MaPLE

MaPLE is an experimental research facility for investigation of magnetohydrodynamic (MHD) phenomena in liquid metal blankets for future fusion reactors using the prototypical alloy PbLi. The facility is designed to enable heat transfer studies in free, forced, or mixed magneto-convection flows in ducts and complex geometries relevant to liquid metal breeder blankets. It features a versatile infrastructure that allows experimental examination of flows at any orientation of test-sections with respect to gravity under a transverse horizontal magnetic field.

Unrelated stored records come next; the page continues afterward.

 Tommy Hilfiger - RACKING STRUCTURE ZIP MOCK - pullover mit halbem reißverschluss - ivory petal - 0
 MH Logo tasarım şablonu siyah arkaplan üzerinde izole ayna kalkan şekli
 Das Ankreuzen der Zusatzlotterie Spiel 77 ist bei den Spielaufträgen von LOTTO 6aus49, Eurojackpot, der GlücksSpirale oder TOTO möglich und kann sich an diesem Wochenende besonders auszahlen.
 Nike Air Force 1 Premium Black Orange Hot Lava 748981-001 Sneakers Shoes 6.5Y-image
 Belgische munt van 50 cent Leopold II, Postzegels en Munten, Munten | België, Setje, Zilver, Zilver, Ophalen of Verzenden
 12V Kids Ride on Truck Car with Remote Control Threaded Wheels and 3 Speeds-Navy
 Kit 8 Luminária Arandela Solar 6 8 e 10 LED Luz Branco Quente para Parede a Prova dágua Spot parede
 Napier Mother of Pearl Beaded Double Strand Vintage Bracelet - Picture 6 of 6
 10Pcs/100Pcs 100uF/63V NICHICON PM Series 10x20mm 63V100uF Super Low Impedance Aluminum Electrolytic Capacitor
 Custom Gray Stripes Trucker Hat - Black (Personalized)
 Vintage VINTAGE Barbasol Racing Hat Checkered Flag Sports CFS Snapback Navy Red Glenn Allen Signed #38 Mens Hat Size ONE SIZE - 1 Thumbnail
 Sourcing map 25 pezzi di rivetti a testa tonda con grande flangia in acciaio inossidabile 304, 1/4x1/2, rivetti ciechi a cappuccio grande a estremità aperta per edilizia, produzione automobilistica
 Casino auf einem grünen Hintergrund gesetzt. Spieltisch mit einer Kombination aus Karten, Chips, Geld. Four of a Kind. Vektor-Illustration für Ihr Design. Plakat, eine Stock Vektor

Heavy metal,heat, and strong electromagnetic force

Technical description

MaPLE consists of a liquid metal loop containing 70 liters of PbLi (extendable to 115 liters). The loop is permanently kept under an inert argon atmosphere and is designed to operate at temperatures up to 400°C. A permanent magnet pump can deliver a pressure head of 6 bar and flow rates up to 5 kg/s. The facility is equipped with a 70kW heat rejection system for high-heat flux experiments. Magnetohydrodynamic effects are investigated in the gap of a water-cooled 20-ton resistive electromagnet (3000A, 2T), which is supported by a hydraulic lifting and turning frame. This enables experiments at any angle of inclination with respect to gravity and orientation of the magnetic field. The loop is equipped with instrumentation to measure flow properties such as flow rate, pressure drop, temperature and electric potential distribution in test sections at high temperatures.  

Representative Projects

1. Support of ITER test blanket program.
2. Development of liquid metal blankets for a DEMO reactor.
3. Generation of benchmark data for validation of predictive numerical tools.

Representative publications

C. Koehly, C. Courtessole, and L. Bühler. MaPLE PbLi loop: A facility for investigating MHD convective flows. Fusion Engineering and Design, 215:115031, 2025.

C. Mistrangelo, L. Bühler, S. Smolentsev, A. Tassone, G. Fonfría, Y. Jiang, L. Melchiorri, G. Politis, D. Suarez, and F. R. Urgorri. A code-to-code benchmark for magneto-convection in a horizontal duct. Nuclear Fusion, 65(11):116006, 2025.

C. Mistrangelo and L. Bühler. 3D analysis of magneto-convective duct flow in a non-uniform magnetic field. Fusion Engineering and Design, 222:115505, 2026.